June 15, 2011 (LifeSiteNews.com) - The government of Hungary has enraged the largely pro-abortion establishment in the European Union by sponsoring a nationwide pro-life campaign using funds received from the EU itself.

The campaign consists of posters depicting an unborn child begging for its life. The posters have been placed in subway stations, bus stops, and other public places,

“I understand well that you aren’t ready for me yet, but think twice and give me to the adoption service. LET ME LIVE!” the text says beneath the image of the unborn child.

The posters go on to note that thousands of Hungarian children are killed by abortion each year, while many couples in Hungary are seeking to adopt children.

The campaign has been paid for in part with funds received from the European Union program known as “Progress,” which was created to promote employment and “solidarity” in Europe; the posters bear the program’s logo.
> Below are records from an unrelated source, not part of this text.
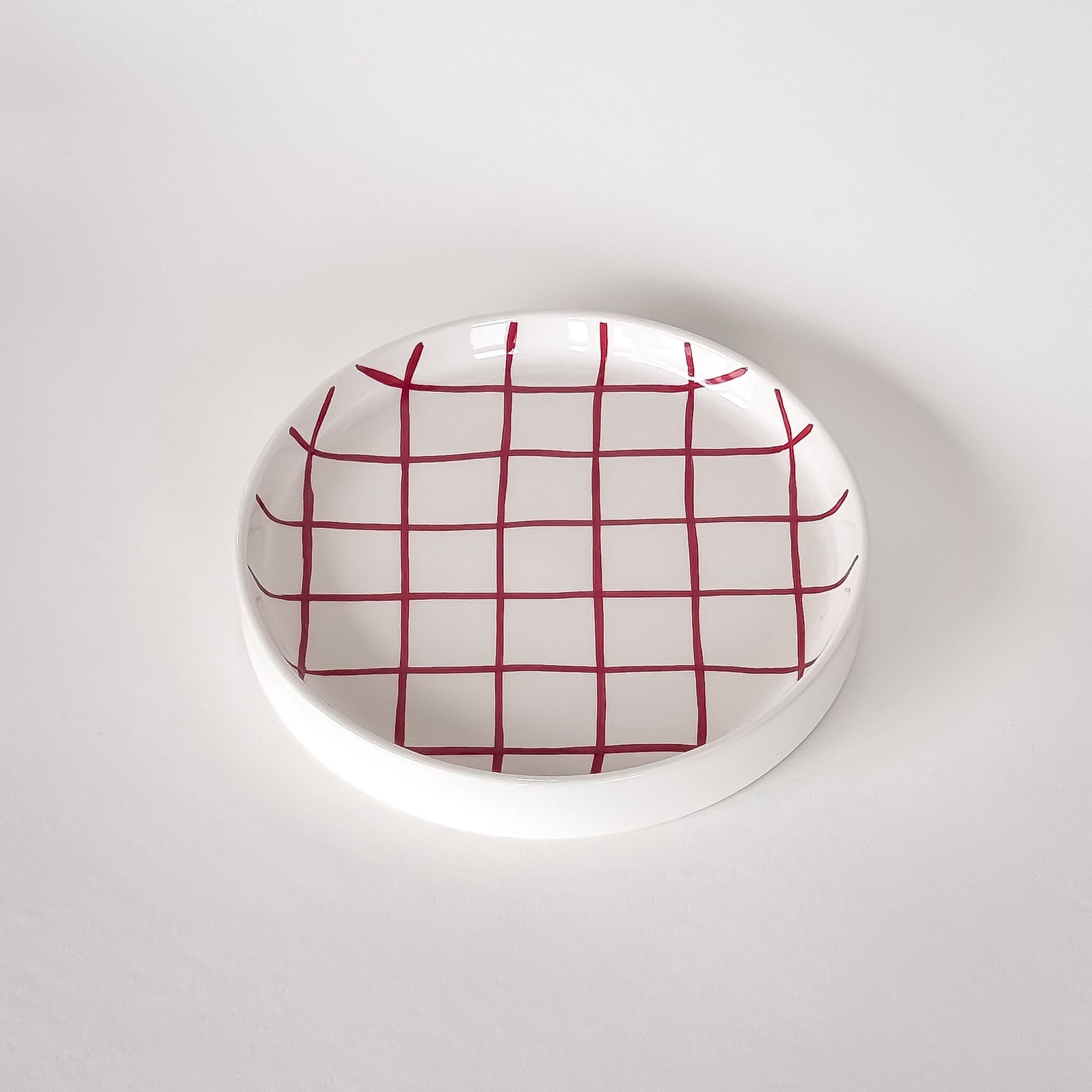 Small plate - red check - hand-painted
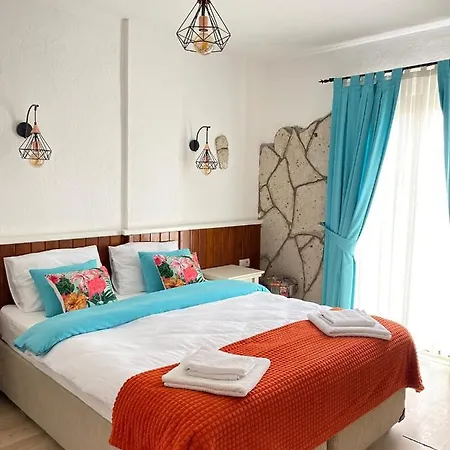 Hotel Ala Anka *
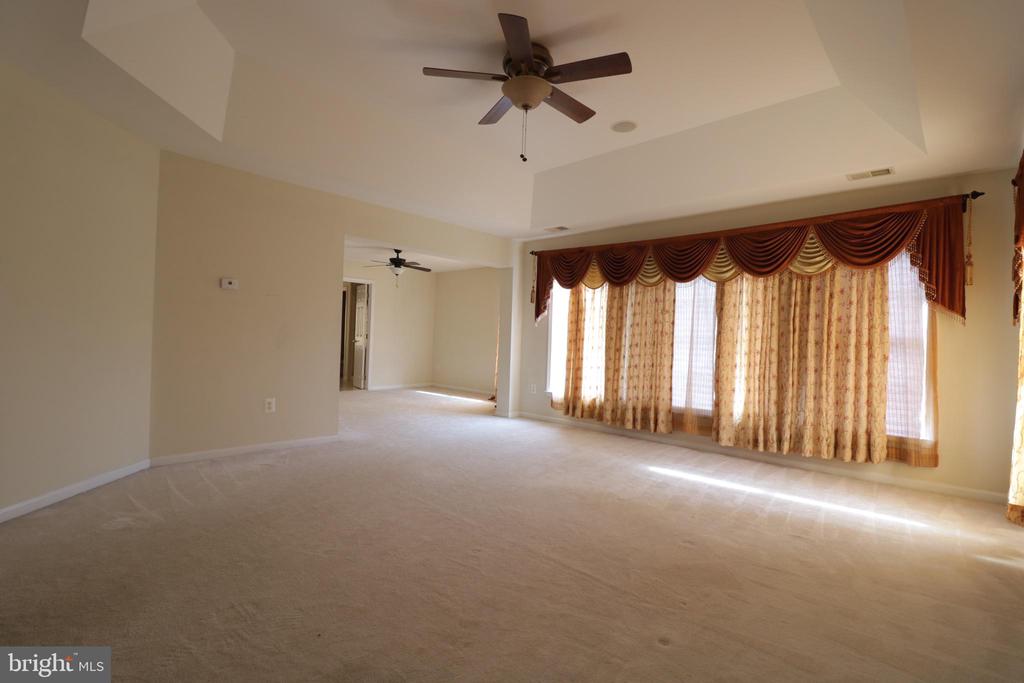 42576 LEGACY PARK DR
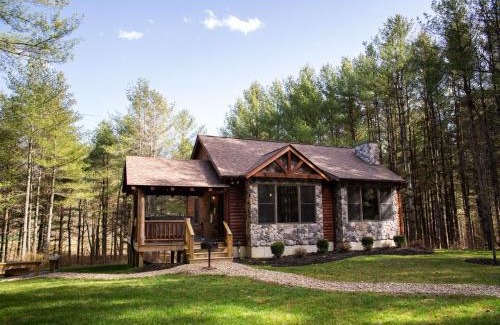 Laurelville House | Evergreen - by The Chalets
However, EU officials have made it clear that the “solidarity” envisioned by the program does not include unborn children, and have ordered Hungarian officials to shut the program down.

According to European Commissioner of Justice, Viviane Reding, the campaign “does not conform to the project submitted by the Hungarian authorities and the [European] Commission is therefore asking the Hungarian authorities to put an end to that part of the campaign and to withdraw the rest of the posters without delay.”

Reding claims that the campaign “goes against European values” and is warning that if Hungary does not do as it is ordered, “we will begin procedures to put an end to the agreement and make the appropriate decisions, including financial ones.”

Hungarian Prime Minister Viktor Orban has responded by saying that the project his country submitted to the European Commission aims at promoting “balanced” families. But he added that if the European Commission doesn’t accept his reasoning, he is prepared to take “appropriate measures,” the French Press Agency reported.

According to Hungary’s minister for families and youth, Miklos Soltesz, the government is seeking to raise consciousness about the value of human life, despite the ongoing legality of abortion in the country.  He denies that the campaign is a first step towards the prohibition of abortion.

“Hungarian society isn’t ready for the prohibition of abortion, like Poland for example,” he told the French news agency Hu LaLa. “That isn’t what we are seeking. We want to insist on the importance of life.”

The Hungarian government has expressed its strong pro-life perspective in the creation of a new constitution, which protects the right to life from the moment of conception.  However, officials have also made it clear that they do not believe that they are yet able to enforce the new provisions through legislation prohibiting abortion.